The next layer of critique: OK, so you're pushing more lines. Are they GOOD lines? Production quality? Do they ship? Or is it AI slop getting merged because you're not reading it?
Fair question. Here's what I can show:
**Tests.** The 2026 commits include test coverage on every non-trivial branch, because gstack's own `/ship` skill won't let me merge without it. The test count across these repos grew from maybe 100 total in early 2026 to over 2,000 now. They run in CI. They catch regressions. Look at the commit history on any gstack PR and you'll see the coverage audits.
**Shipped, not WIP.** The 2026 repos that account for most of the volume are running. gstack is in 1000+ projects. gbrain is live. resend_robot ships mail daily. brain runs my assistant. tax-app did my taxes. These aren't scaffolds sitting in a drawer.

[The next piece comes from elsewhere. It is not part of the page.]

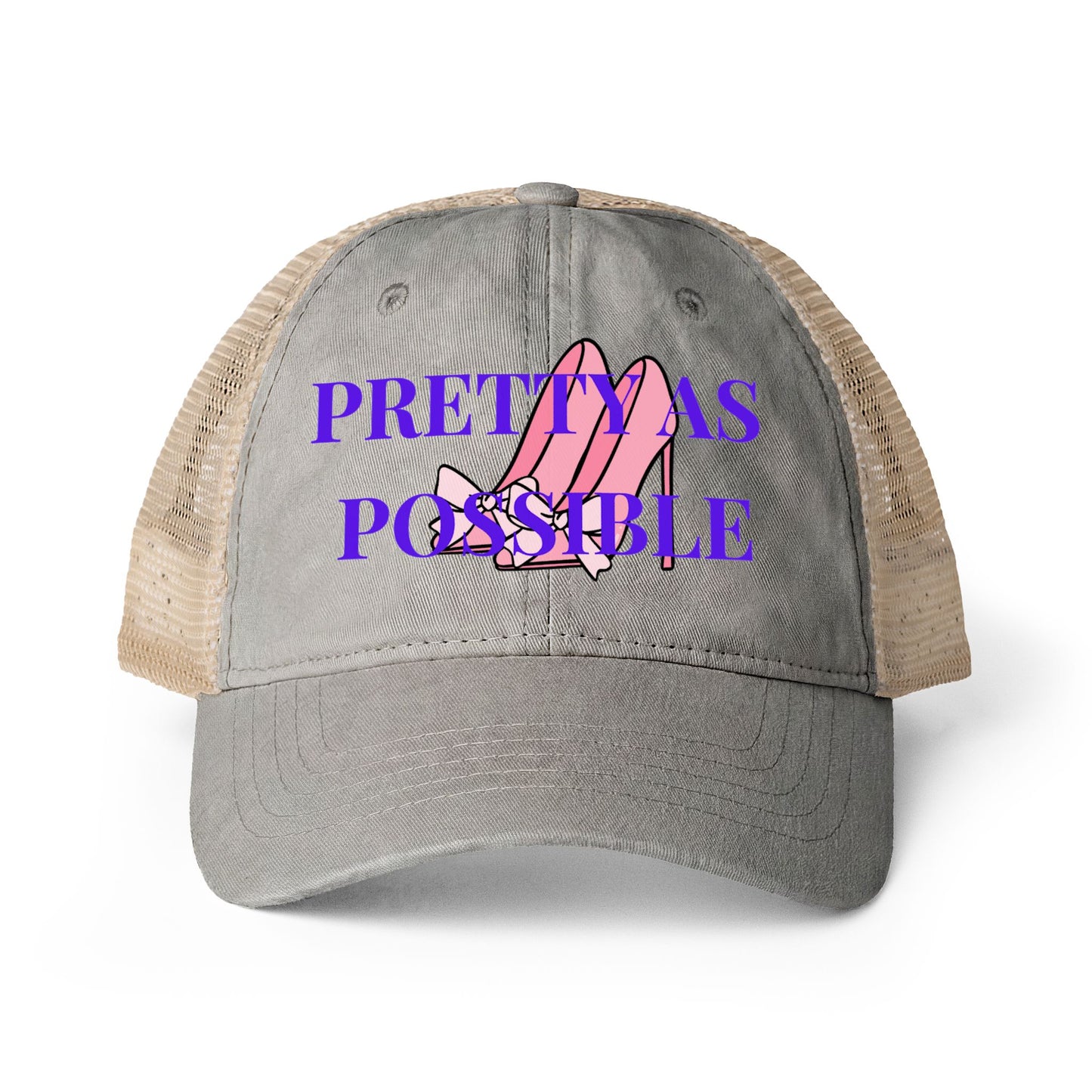 Pretty Is Possible Embroidered Trucker Hat  Inspirational Womens Cap Trendy  Hat  Cute Motivational Gif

**Review rigor.** Every gstack branch I merge goes through CEO review, Codex outside-voice review, DX review, and eng review. Often 2-3 passes of each. You can see the review history baked into the design docs in `docs/designs/`. The scope-reduction from pacing-in-V1 to pacing-in-V1.1 happened because the third eng-review pass caught 10 structural gaps that text editing couldn't fix.
**Adversarial checks.** Every diff gets a Claude adversarial subagent AND a Codex adversarial challenge at minimum. Large diffs get a third Codex structured review with a P1 gate. That's 3-4 AI reviewers looking at the code before merge. Not to replace human judgment. To catch what I miss because I'm typing at AI speed.

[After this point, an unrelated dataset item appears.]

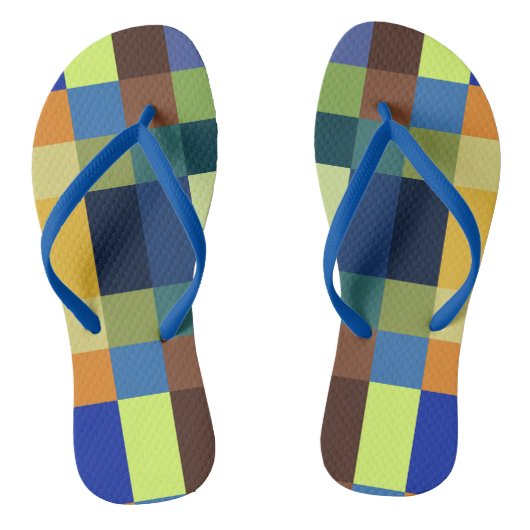 Kleurrijke patchwork teenslippers (Voetbed)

**Greptile.** Integrated into the /ship workflow. Every PR gets its comments triaged and addressed.
Is some of the 1.3M logical lines going to turn out to be wrong? Yes. Some of it has already been rewritten. Some of it will be rewritten again. That's normal shipping.
What the critics are imagining, "dude accepts every AI suggestion blindly, merges 10K lines of slop per day, moves on," is not what's happening. The review infrastructure IS the work. Half the code in this repo is the review infrastructure.
## The real argument the critics are missing
The interesting part of the number isn't the volume. It's the RATE.
2013 me shipped about 14 logical lines per day. That was normal for me at the time. Cofounder at Posterous, then partner at YC, writing code nights and weekends mostly.
2026 me is shipping 12,382 logical lines per day. While still running YC full-time. Same day job. Same free time. Same person.
The delta isn't that I became a better programmer. It's that AI let me actually ship the things I always wanted to build. Small tools. Personal products. Experiments that used to die in my notebook because the time cost to build them was too high relative to their value. The gap between "I want this tool" and "this tool exists and I'm using it" collapsed from 3 weeks to 3 hours.
That's the real argument for AI coding. Not "it writes more code." That's trivially true. The argument is: **it collapses the gap between intent and artifact.**
You want to measure that gap? Count how many products actually got built. I built more in 60 days than most individual engineers do in 5 years. That's not because I'm 100x smarter. It's because the friction dropped by a factor of 100 and I noticed.
The LOC number is downstream evidence of that. The critics are arguing about the shadow on the wall.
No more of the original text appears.